Programs like welfare, family allowance, and employment insurance were introduced, in part, to help alleviate the consequences of being food insecure. But social assistance is no longer up to the task. During the 1970s in Toronto, one in ten people lived in poverty. Today, it’s one in five. Vancouver Neighbourhood Food Networks, a collective focused on tracking food security in the city, calculated last year that if the average rent for Vancouver low-income housing ($687 per month) is subtracted from the monthly welfare rate for a single adult ($710), only $23 remains. In other words, a person on income assistance has less than a dollar per day to spend on food. It’s not hard to imagine that, as economic trends continue to chip away at stable, long-term employment, food insecurity will soon overwhelm existing social assistance programs. What Canadians need is a food policy that can ensure an adequate standard of living to offset the biggest effect of those economic disruptions: hunger.
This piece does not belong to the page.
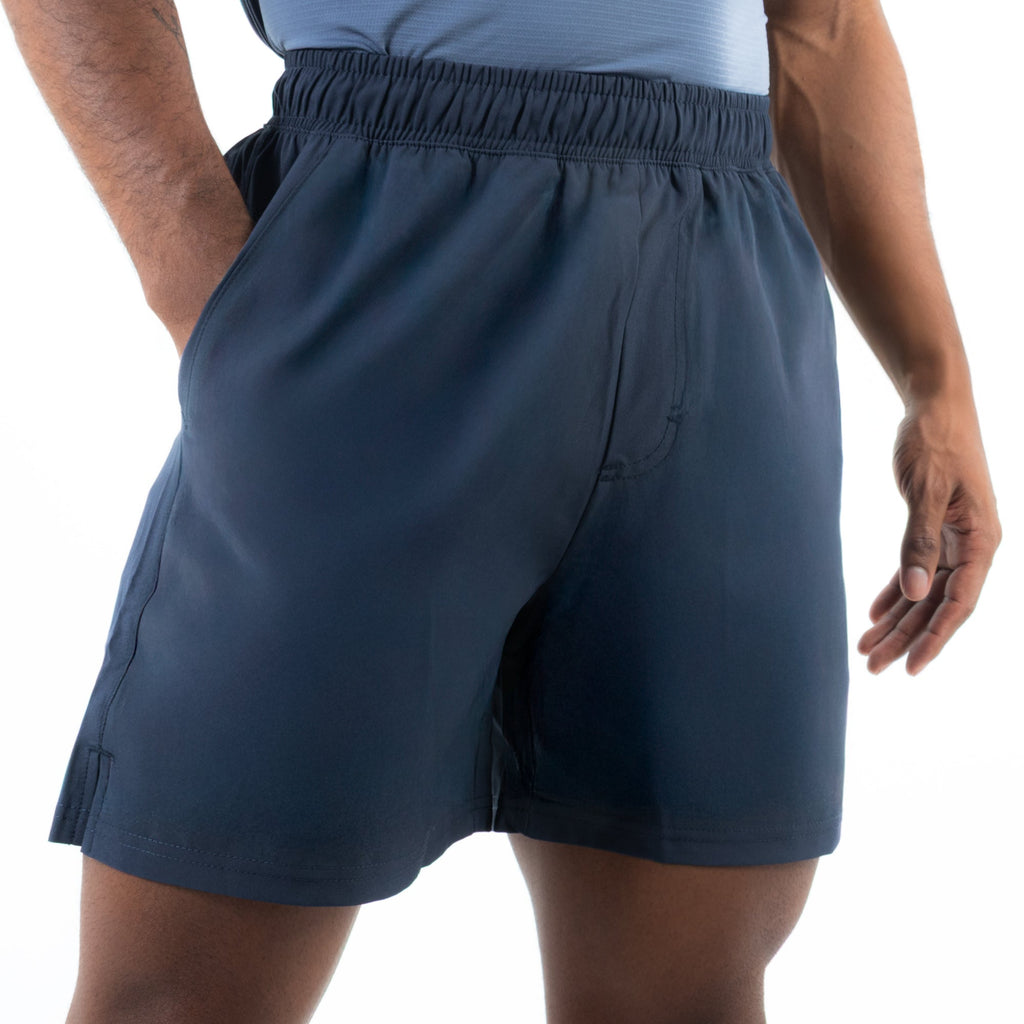 SHORT HOMBRE FILA WOODIE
Food-security and antipoverty advocates have been working with the federal government to develop such a policy—one that recognizes adequate food as a human right, much like water or clean air. But lack of political will means little progress has been made. The country has ratified numerous international agreements affirming the right to food, and an Action Plan for Food Security was proposed in 1998. But hardly anything from it has been executed. The inaction underscores that Canada has never really strategically addressed hunger as a national issue and has never appreciated food insecurity as a reality within its borders. Instead, we have off-loaded the job of feeding our citizens to food banks, soup kitchens, and charitable efforts such as the Bayers Westwood Family Resource Centre.
With nearly 20 percent of its population affected, Halifax has the highest rate of food insecurity among Canadian cities. Some contributing factors are unique to the area: high student numbers, an influx of job seekers from Cape Breton, and nearby rural areas gutted by the shift from small-scale farming to agribusiness and by the decline of industries like coal and steel. But the city is also a bellwether for many changes taking hold across the country, such as the advent of so-called precarious work, which has increased in Canada by 50 percent in the past two decades, and rising housing costs. The jobs Halifax offers are mostly service-sector gigs—often short-term or contract work without benefits or security. About one in three Haligonians lives in rented housing, with 43 percent putting a third or more of their earnings toward rent. All this influences what residents eat or whether they can eat at all.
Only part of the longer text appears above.